Last year, when Mathieu Flamini departed for AC Milan, Denilson inherited the role of being the defensive shield for the back four. He was largely dismissed as being ineffective, even though statistics may prove otherwise. Slowly, Alex Song started to step into the breach, as Wenger started tweaking our team towards the 4-3-3 formation at the end of last year.

This year, Alex Song has been the revelation of the season for most people, but not here at eighteen86. We were pretty confident of his ability, going so far as to name him our Player of the Season last year. Easily capable of filling in for Gallas and Vermaelen when they go forward, Song has sometimes played deep enough to be considered the third central defender on the pitch. He’s also broken up attacks, generally been all over the pitch, and played fine passes as well. So, saying that he’s just a player who sits deep and helps to defend is selling him short. That being said, his upbringing cannot be overlooked. In fact, at the end of last year, Arsene himself stated that Song was more suited to being a defender than a midfielder. Whether or not those were meant to be inspirational words for Song, that’s up to you.

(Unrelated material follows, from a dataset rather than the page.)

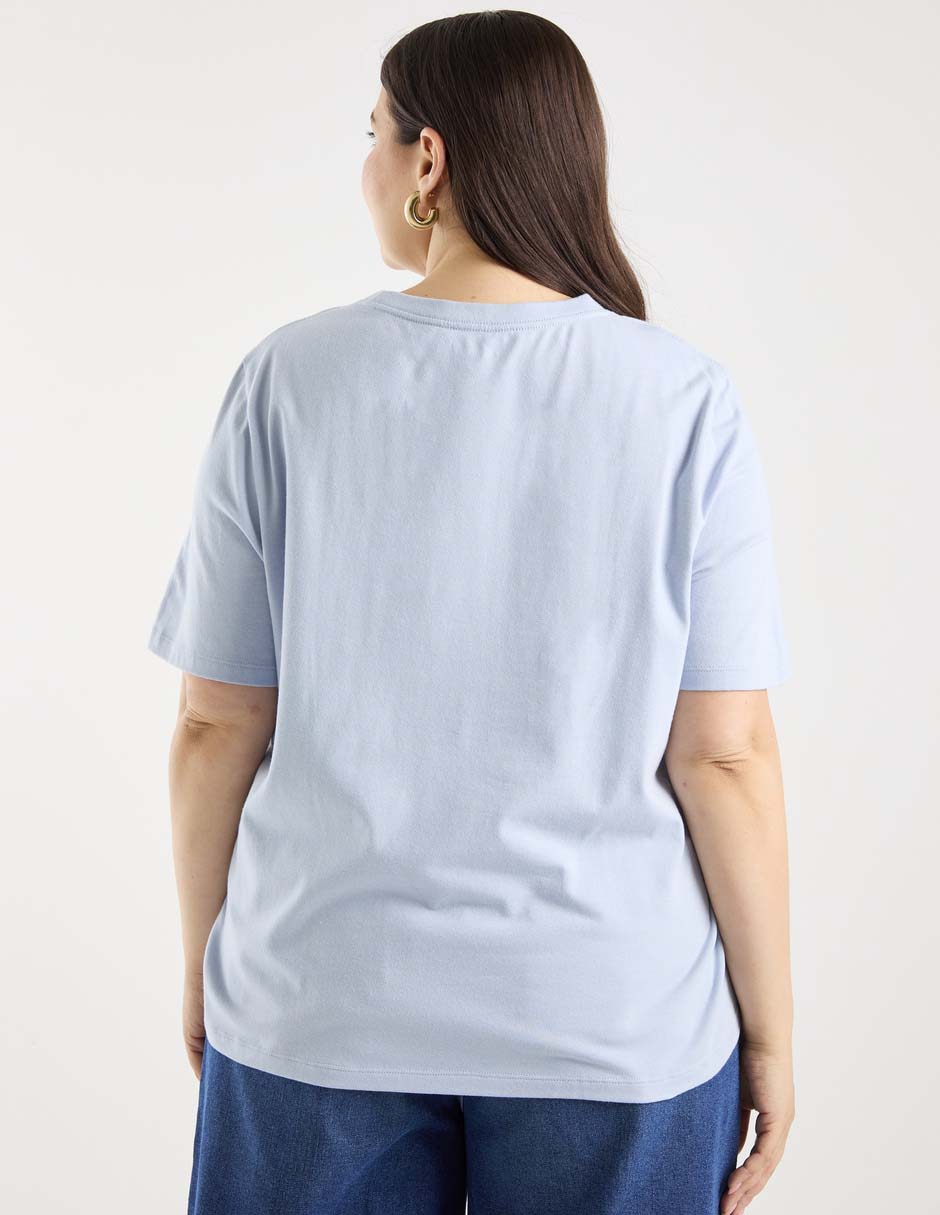 Playera manga al codo cuello redondo para mujer 6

Patrick Vieira was a dominant box to box midfielder. He was never a defensive shield for Arsenal. He was never a holding player for Arsenal, not quite. Emmanuel Petit and Gilberto Silva did that job for us when Vieira was in the team. The fact that Patrick could tackle like a demon and intimidate opponents added to his awesome ability. It helped stabilize our team defensively and made opponents shake in their boots. When Wenger tried to play Vieira and Cesc, that did not work. We didn’t have enough to repel attacks and nothing clicked. Had it been given more time, it may have proved more fruitful, but we’ll never really know.

After Vieira was sold, Wenger paired Gilberto with Cesc in the middle. This worked on and off, but without the penetrative power of Vieira, something felt missing. At the time, Cesc’s defensive abilities were nearly non-existent; he has actually improved quite a bit in that regard. So, that partnership never quite worked either.

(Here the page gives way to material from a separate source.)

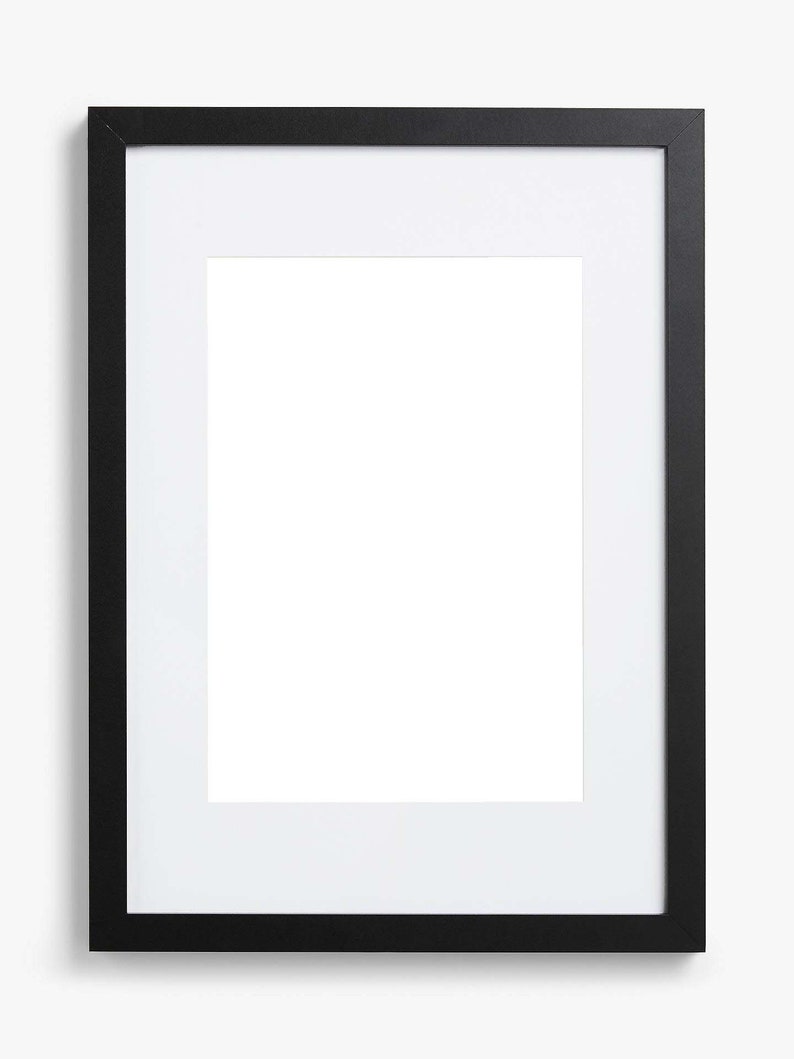 May include: A rectangular black picture frame with a white mat. The frame has a simple, modern design and is suitable for displaying photographs, artwork, or other visual content. The frame is made of wood.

Two years later, Gilberto was off on international duty with Brazil. Wenger decided to pair Cesc with Flamini and things started to click. The reason for this seems quite clear. Despite his small tactical brain, Flamini provided aggression and hustle, things that rubbed off on newly permanent starters Alexander Hleb and Tomas Rosicky. That year, we defended as a unit. Everybody except Robin van Persie tracked back and applied pressure on the ball. Capello made the observation that Arsenal attacks with eight men and defend with ten men. We were the dominant team, until Cesc got an injury. But the formula made sense. 4-4-2 still worked.

The next year, when Flamini left, Wenger tried to continue with 4-4-2, but abandoned it near the end of the year. Denilson is a fine interceptor of the ball, but he’s not quite the player that Petit, Gilberto, and Song are. That’s no knock on him, but he’s not the partner for Cesc in a 4-4-2 system. That’s what precipitated the move to 4-3-3. With Arshavin and van Persie in the team, Wenger realized that he needed an extra body in midfield to protect our defense.

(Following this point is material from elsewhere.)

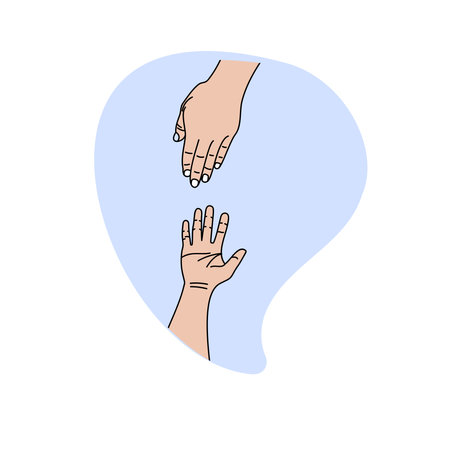 illustration of human hand for charity or any design , signs and gestures isolated vector on a white...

When Robin van Persie went down and Alex Song proving his worth beyond all doubt, I thought a change to a 4-4-2 could be possible. Now, Cesc, with a few years experience and adding more to his all around game, and Alex Song could form a partnership and we could play 4-4-2 with Arshavin in the hole. That didn’t happen. Instead, Diaby has stepped up and proved that he can provide an impact from central midfield in an advanced position. Remember, when we first acquired Diaby, we thought that Diaby would play the tough road fixtures and Cesc would play the home fixtures. They were never supposed to be partners in the middle, so let’s dispel that possibility immediately.

Which brings us all the way back to Denilson. He will be the one to fill in for Alex Song. Denilson has not played that role in a 4-3-3 system, but that base can only help him. Ideally, a 4-3-3 is a dangerous system because it’s a 4-3-3 while going forward and a 4-5-1 when we defend. He’ll also have Diaby alongside him and Ramsey, who can also put a foot in occasionally.

I believe Denilson can do the job. But will his back hold up? That’s the real question.